Kendinde olmadığın
ve kendinde olmadığının dahi farkında olmadığın zamanlar olur bazen. Ekseriya sana
pişmanlıklar yaşatan hatalar yaptığın zamanlardır onlar, sana manevi acılar veren
büyük hatalar. Maddi dünyada yaptığın hatalar yüzünden manevi acılar çekmeye
başladığında işte, kendine de gelmeye başlarsın tekrar. Seni içine döndürerek
kendinle hesaplaşmaya sevk eder bu acılar. Bozulan dengeni yeniden tesise
yönelik doğal bir uyarı mekanizması olarak ta görülebilir onlar. Eğer kaçmaz ve bu iç çağrıya kulak vererek dürüstçe yüzleşirsen kendinle,
önce daha şiddetlense de acı, sonunda temizlenir onlara sebep olan iç
yaraların. Böylece maneviyatının yeniden düzelmesiyle birlikte hayatın da tekrar yoluna girmeye başlar. İçerde ne yönde değişirsen dış dünyan da o
yönde değişmeye başlar. Eğer yüzleşmekten ve dolayısı ile değişimden kaçarsan, o
zaman benzer hataları yapmaktan ve aynı acıları tekrar tekrar çekmekten
kurtulamazsın. Her aldığın nefes değişmek için bir fırsattır. Maneviyatını
bozan iç yaralar tüm yüreğini kaplayıp kangren olmadan, onları gün ışığına
çıkarmalısın ki iyileşsinler. Hepsi iyileşmek için yalnızca senin anlayışına
muhtaçtırlar. Hayatında ki görünen sonuçları doğuran görünmeyen sebepleri gün
ışığına çıkarmaktır kendini anlamak. Sebepte sensin sonuçta. Anlamaktan
kaçarsan değişemezsin, yeni sonuçlara sebep
olamayacağın için yeni yarınlara da gebe kalamazsın. Kimse değil, dışarıda ki bir Tanrı değil, sen, kendi ellerinle
kendine kıymaya devam edersin. Tanrı senin içindedir. İçinden seni kendine
çağıran o manevi sestir. Ama ekseriya kulak tıkar insan onun çağrısına. Halbuki
iç dünya ve dış dünya, madde ve mana birbirini direk olarak etkiler. Birinin
bozulması bozar öbürünü ve birinin düzelmesi ile düzelir öbürü de. Bir bütündür
aslında, ayrı değildir birbirlerinden madde ve mana. Ve sen dahi, huzur veren
denge haline doğru, halden hale ve şekilden şekle giren maddi ve manevi bir
bütünlüksün aslında. Gel gelelim çoğu zaman türlü sebeplerle unutup manayı,
yalnızca maddenin peşine düşer de dengeyi bozar insan hırsla. Kördür de çoğu zaman
kendi gerçeğine sağırlığının yanı sıra. Maddeye tapar halde koşar durur bir
ömür boyu o imkansız olanın, acısız hazzın peşinde. Kendine tapması da insanın
maddeye tapmaktır aslında yine. Kimi zaman sende ki yalanı okşayarak baştan
çıkarır hayat seni. Sen kendi sözde ihtişamından haz duyarsın ve beslersin
içinde ki o haz veren yalanı. Halbuki ayan beyan
ortadadır sürekliliğin maddenin tabiatına aykırılığı ve bu yüzden de maddenin
dünyasına ait olduğu için hazzın da sürekli olamayacağı. Sonlu olana taptığı
için insan, sonu gelip te haz tükendiğinde acıdır hissettiği duygu daima. Öyle
ya, acı hazzın gölgesi değil midir aslında? Sonu yoktur haz yolunun, o bir yol değildir aslında.

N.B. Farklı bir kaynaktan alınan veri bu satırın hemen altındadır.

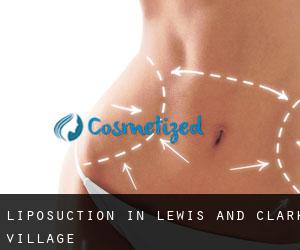 Liposuction in Lewis and Clark Village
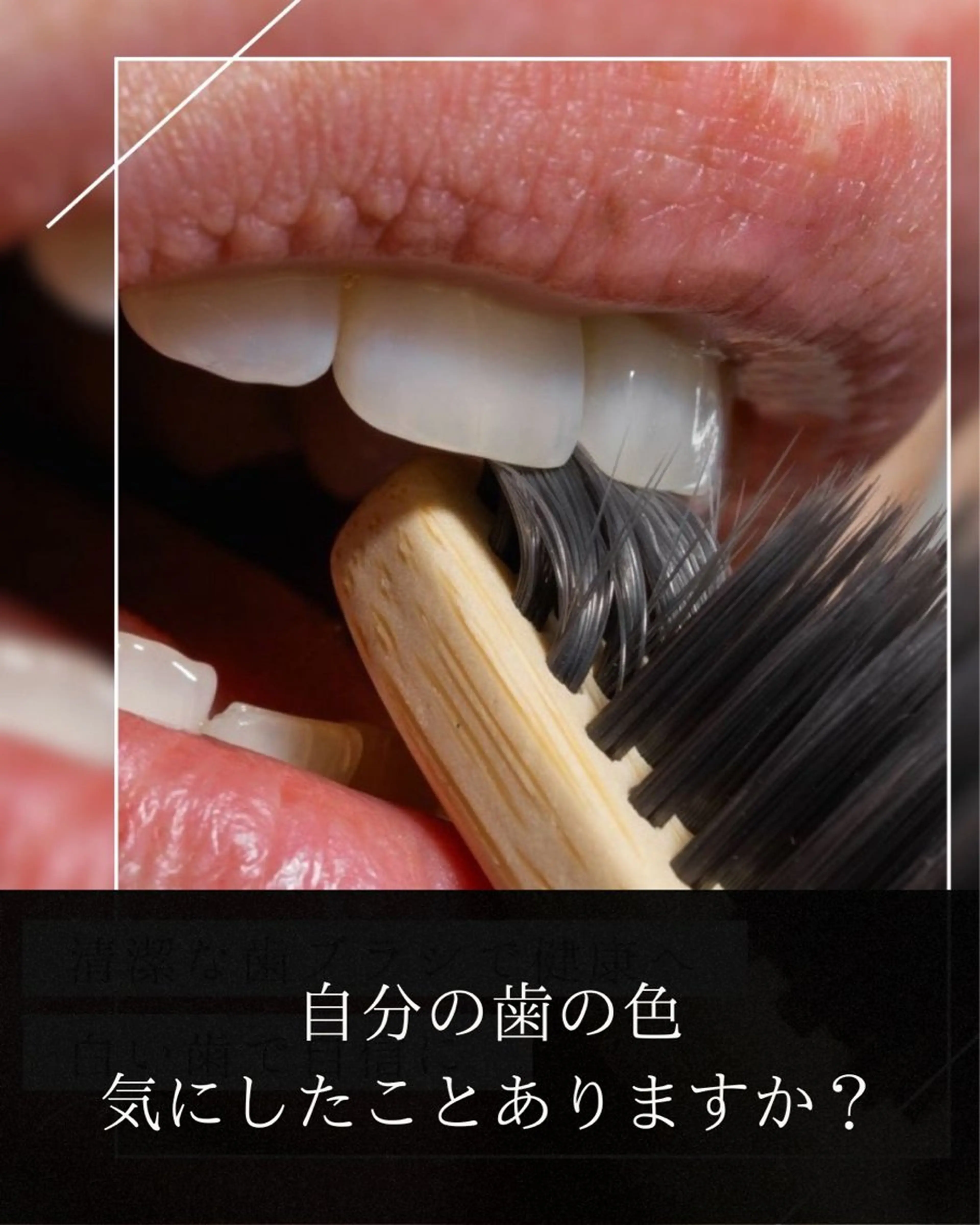 その他 ホワイトニング ショップ津店のその他イメージ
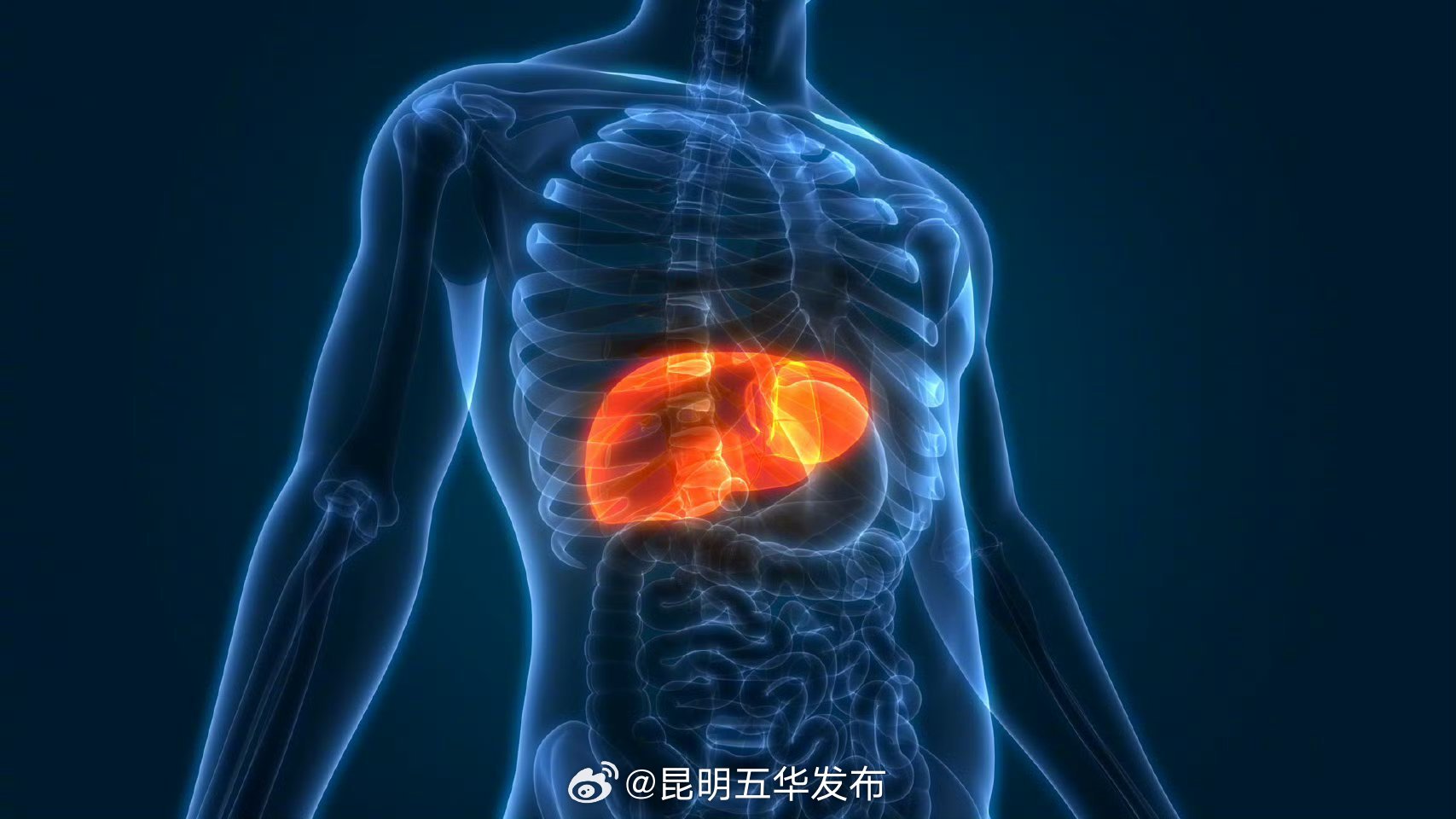 得了脂肪肝最忌讳快速减肥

Hazların ve acıların peşi sıra dizilerek dişlerini oluşturduğu ve arzunun
durmadan döndürdüğü bir çarktır o. Hiçbir yere varmaz. Oysa, sonu huzura varan dosdoğru yolda bir denge
tutturarak erer insan ancak kurtuluşa. Hiçlikten geldik ve hiçliğe döneceğiz,
bir rüyadan ibarettir korku ve umut arasında mekik dokunarak geçen arada ki bu zaman. Uyanmak kurtulmaktır. Uykudayken sonsuz okyanusta gelip geçmekte olan bir dalga, uyandığındaysa
dalgalanan sonsuz bir okyanustur insan.